Questor share tip: Hold Bunzl despite pounding

Bunzl profits have taken a hit from the strength of the pound but for the long term investor the attractions remain. Questor says hold.

In the six months ended June, revenue was down 1pc to £2.9bn, with pre-tax profits up 2pc to £132.3m..
In the six months ended June, revenue was down 1pc to £2.9bn, with pre-tax profits up 2pc to £132.3m.

Bunzl
£16.39+9p
Questor says HOLD

THE strength of the pound has hammered revenue and profits at Bunzl [LON:BNZL] during the first half of the year. However, maintaining a long-term investment in the company is wise if you dig a little deeper into yesterday’s interim results.

The FTSE 100-listed distribution group has carved out a successful and sizeable niche by supplying the food retail industry with bags, stationery and plastic display items. The company also provides workers as diverse as cleaners and surgeons with products such as latex gloves, safety goggles, aprons, and face masks.

The one common factor being that these items tend to be thrown away after use. Because the products are consumable and provided to industries such as food retail and health care the revenue is recurring and stable. Bunzl’s business model is one of centralised bulk-buying of these disposal products to reduce costs and the products are then distributed to customers.

This stable revenue and a focus on keeping costs down means the company makes plenty of cash. Bunzl uses that cash in two ways; the company funds growth through acquisitions and has a track record of consistent dividend growth since 1997.

Bunzl continued this strategy by snapping up four UK companies to add to those it purchased during the first six months. The company spent £119m in the first half on acquisitions, down from £150m at the same stage last year.

The company tends to buy family-run businesses where the current management is looking for an exit strategy. The problem with this is that it can lead to protracted and unpredictable acquisition timelines.

The first half results were hit by the strong pound.

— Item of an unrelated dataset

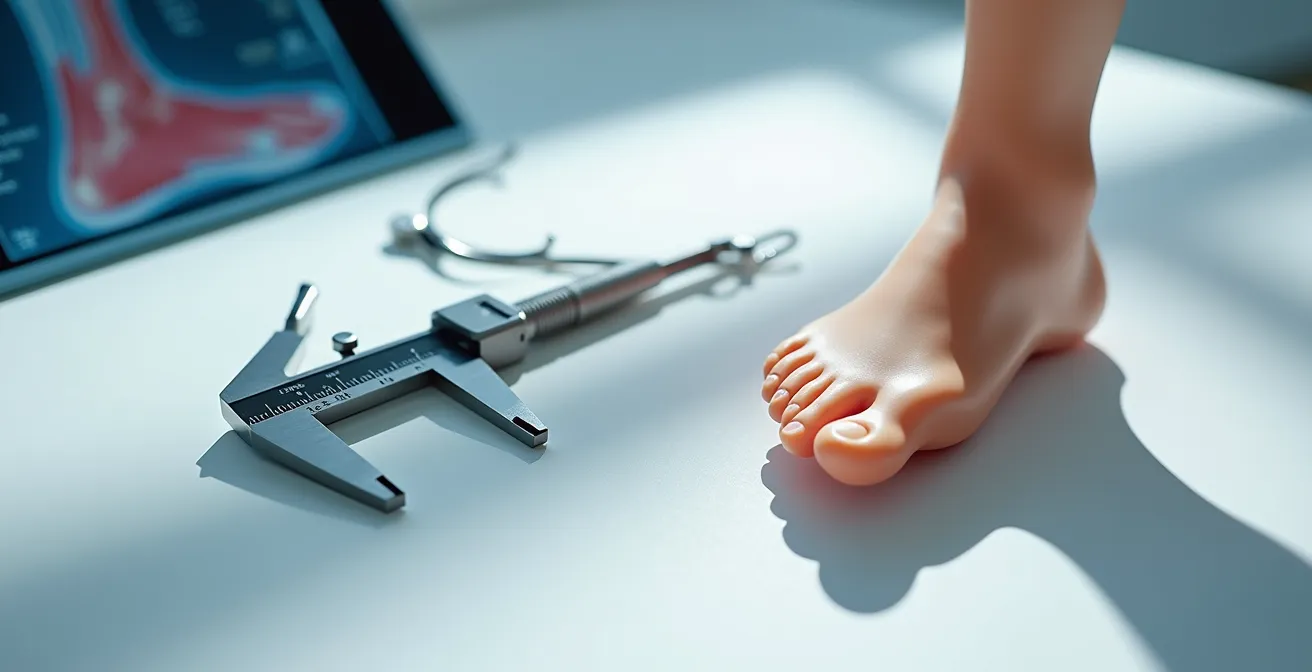 Analyse radiographique du pied avec mesure des angles pour diagnostic précis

In the six months ended June, revenue was down 1pc to £2.9bn, with pre-tax profits up 2pc to £132.3m. However, adjusting for the impact of currency movements, revenue would have increased by 7pc and pre-tax profits would be up 14pc.

Bunzl’s growth was still well behind the 14pc in revenue growth and 17pc increase in pre-tax profits reported in 2013, even adjusting for the currency impact.

Questor thinks that with revenue and profit growth slowing, then acquisitions will accelerate in the second half. When asked about takeover targets Michael Roney, chief executive, said the second-half bid pipeline was “as good as it’s ever been” with the greatest opportunities being in the safety, cleaning and hygiene and food service sectors.

Mr Roney said he still expects to meet full year market expectations with analysts forecasting revenues of £6.1bn and pre-tax profits of £373m, giving earnings per share of 82.1p this year.

The company is still generating plenty of cash as well. Operating cash flow in the first half was £200m, up from £194m at the same stage last year, and achieved from operating profits of £197m in the first six months ended June.

The interim dividend was increased by 10pc to 11p and the payment date is January 2, ex-dividend November 7. The dividend target for the year is 33.6p, which is an increase of about 3pc on a year earlier. The prospective yield, based on the current forecast, is 2.1pc. The dividend payments of £32.6m in the first half are covered more than four times by the £133m in free cash flow. The company ended the period with net debt of £880m against shareholders’ equity of £866m.

Bunzl growth has certainly slowed in the first half of this year due to the strong pound fewer acquisitions to boost growth. Questor thinks that with growth in the single digits it is hard to justify the price earnings ratio of 20 times on the shares, falling to 19 times next year.

That said, Bunzl is still cash generative and remains a class defensive share due to its dividend track record. Hold.